Evolution, in the widest sense of the term, has to be viewed as a generalisation which combines the data of previous scientific and philosophical thought in a new conception of the universe. Like all such generalisations, it is hypothetical, provisional. Though it has received valuable inductive and experimental support in the region of biology, it does not rest upon the same foundation as Newton's law or as the law of the Conservation of Energy. It must rather be regarded as a comprehensive scheme of thought, inviting demonstration, stimulating discovery, and capable of manifold application.

Least of all does Evolution, as its name and as its principles imply, claim for itself finality. Its adaptation, however, to the present conditions of the human mind is proved by the rapidity with which it is transforming every department of speculation.

In the following pages it will be my object to show reason why the Philosophy of Evolution, instead of crushing the aspirations of humanity and reducing our conceptions of the world to chaos, may be expected to reanimate religion and to restore spirituality to the universe.

II.

This idea is undoubtedly the most potent which has entered the sphere of human thought since Copernicus published his heliocentric theory of the Solar System. When we inquire into the nature of religions, we shall find that they are all of them at root attempts to account for the universe, and to define man's place in the sphere of things. This being the case, it follows that every new cosmological idea, every fresh hypothesis regarding the beginning of the world and man, every alteration in the theory of Nature, will induce

changes in the current systems of theology, metaphysics, morals. Now the mythological elements of Christianity took shape in the intellects of people who conceived our earth to be the centre of the universe; who were accustomed to believe that God made the sun and moon and stars to shed light on us; and who fancied that the divine purpose in creating nature was to form a dwelling-place for man. The dogmatic elements of historical Christianity in like manner assumed their fixity by slow degrees under the dominance of Ptolemy's geocentric system of astronomy, and in harmony with a metaphysic which accepted that view of the universe. The discovery, published by Copernicus in 1543, by simply shifting the position of our globe in space, shook the ponderous fabric of scholastic theology to its foundations. The deductions made from his discovery by subsequent thinkers still more seriously compromised a large part of that edifice. The earth appeared not merely as a satellite of the sun; but the sun himself, with all his court of planets, took rank as only one among innumerable sidereal companies. Space spread into infinity. Up and down, heaven above and hell beneath, were now phrases of symbolical or metaphorical significance only. It was no longer possible to imagine that the celestial bodies had been created in order to give light by day and night. Man's station of eminence in the kosmos ceased to seem manifest. It became difficult to take the scheme of salvation, God's sacrifice of himself in the Second Person of the Trinity for the advantage of a race located on a third-rate planet, literally. Some mythical parts of the religion, which had previously been held as facts, were immediately changed into allegories. For instance, the ascension of Jesus from the mountain lost its value as an historical event when the brazen vault of heaven, or the crystal sphere on the outer surface of which God sat, had been annihilated; when there was no more up or down, and when a body lifted into ether would obey the same laws of attraction as a meteoric stone.
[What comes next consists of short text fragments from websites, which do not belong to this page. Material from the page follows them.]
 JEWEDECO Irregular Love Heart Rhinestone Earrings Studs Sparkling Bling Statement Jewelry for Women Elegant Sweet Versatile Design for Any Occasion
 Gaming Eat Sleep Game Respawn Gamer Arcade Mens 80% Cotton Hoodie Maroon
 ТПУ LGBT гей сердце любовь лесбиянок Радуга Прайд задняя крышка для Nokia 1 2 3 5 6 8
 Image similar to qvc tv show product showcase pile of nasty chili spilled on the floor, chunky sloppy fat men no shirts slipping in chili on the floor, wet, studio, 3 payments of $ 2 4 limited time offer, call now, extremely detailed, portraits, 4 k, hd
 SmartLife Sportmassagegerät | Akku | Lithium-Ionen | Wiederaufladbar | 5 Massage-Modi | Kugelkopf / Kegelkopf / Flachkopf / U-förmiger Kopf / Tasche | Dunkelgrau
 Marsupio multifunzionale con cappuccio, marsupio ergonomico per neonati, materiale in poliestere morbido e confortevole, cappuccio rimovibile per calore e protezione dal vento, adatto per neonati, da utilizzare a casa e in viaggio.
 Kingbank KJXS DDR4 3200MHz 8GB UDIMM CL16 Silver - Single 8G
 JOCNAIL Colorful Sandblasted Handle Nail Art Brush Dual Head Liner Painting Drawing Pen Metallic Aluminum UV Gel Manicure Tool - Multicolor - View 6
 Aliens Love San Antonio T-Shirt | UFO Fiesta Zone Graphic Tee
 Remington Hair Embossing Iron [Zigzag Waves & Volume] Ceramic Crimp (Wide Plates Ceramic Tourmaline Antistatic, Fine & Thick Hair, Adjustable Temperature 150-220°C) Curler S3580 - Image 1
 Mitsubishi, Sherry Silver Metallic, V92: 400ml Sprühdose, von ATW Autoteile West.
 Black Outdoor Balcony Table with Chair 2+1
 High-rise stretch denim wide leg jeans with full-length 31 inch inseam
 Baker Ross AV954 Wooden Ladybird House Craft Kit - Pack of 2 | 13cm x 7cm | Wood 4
The Copernican discovery very materially influenced Christian dogına and mythology by thus converting at a stroke what had been previously accepted as a matter of literal and historical fact into symbol, allegory, metaphor. It humbled human pride, and destroyed the overweening sense of man's importance in the universe. The nature of this revolution in astronomy made it of necessity destructive to the external coatings and integuments of religion. At the same time, it stimulated the growth of a new metaphysic, the first manifestations of which we owe to Bruno, and which was destined to react upon theology through the idealistic speculations of

the last two centuries.

III.

The disintegration of those factors which are merely temporal, and doomed to dissolution, in Christianity, has been advancing so rapidly, through the application of various critical methods and the growth of sciences, that little of a purely destructive influence was to be expected from the theory of Evolution. Some points, however, may arrest

attention.

Preceded by geology and primitive anthropology, Evolution dealt a death-blow at the assumptions of human self-conceit. We have accepted the probability of man's development from less highly organised types of animal life with tolerable good-humour, after a certain amount of rebellious disgust. The study of pre-historical humanity, together with the suggestions of the Evolution hypothesis, render any doctrine of a Fall more and more untenable. Instead of Paradise, and man's sudden lapse from primal innocence, we are now convinced that history implies a slow and toilsome upward effort on the part of our ancestors from the outset.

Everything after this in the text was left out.